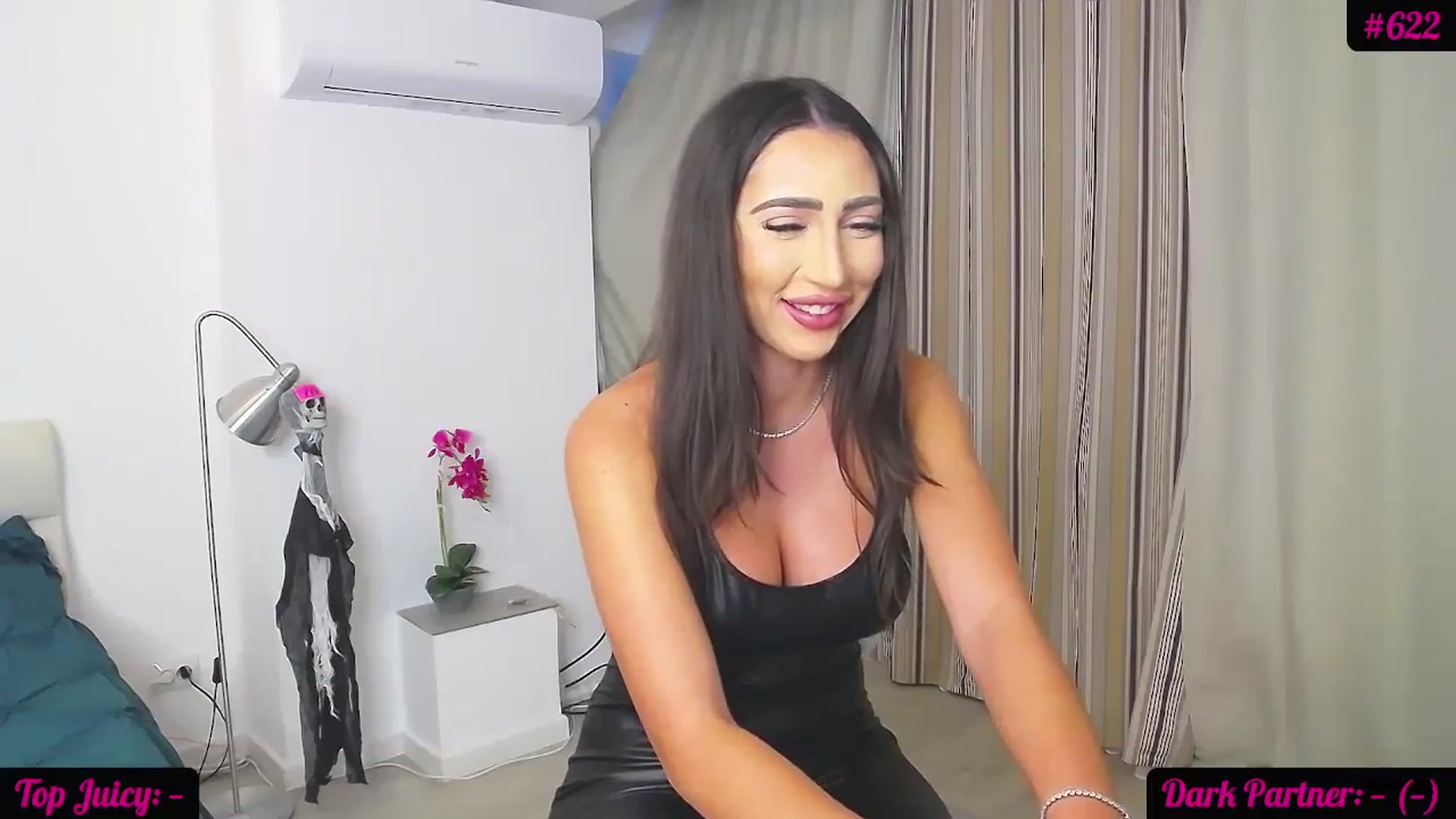 Gallery image thumbnail from JuicyJelly_'s myfreecams stream on, 10/10/2023, 15:49 image 12 of 20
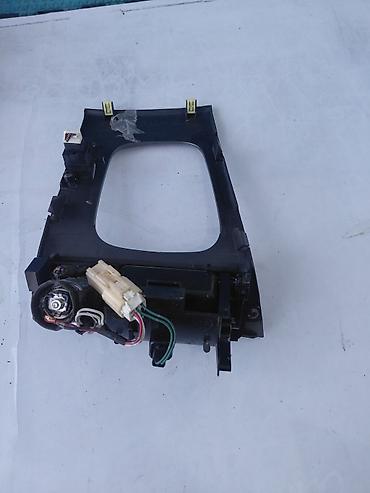 smart open: Сenter console Subaru 2005 г., Б/у, Оригинал, Япония — 2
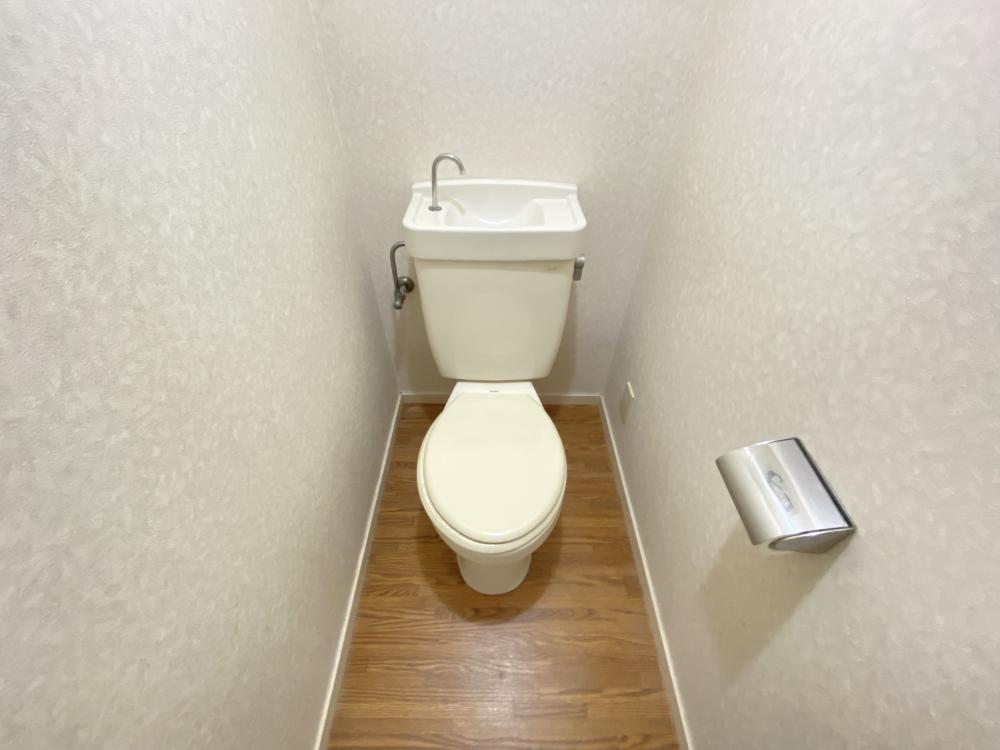 メゾンピッコロ塚口のトイレ写真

- - -

Exercise instructions
Pictures stay out; everything else in the listing above gets repeated exactly.

Solution to the exercise
 Gallery image thumbnail from JuicyJelly_'s myfreecams stream on, 10/10/2023, 15:49 image 12 of 20
 smart open: Сenter console Subaru 2005 г., Б/у, Оригинал, Япония — 2
 メゾンピッコロ塚口のトイレ写真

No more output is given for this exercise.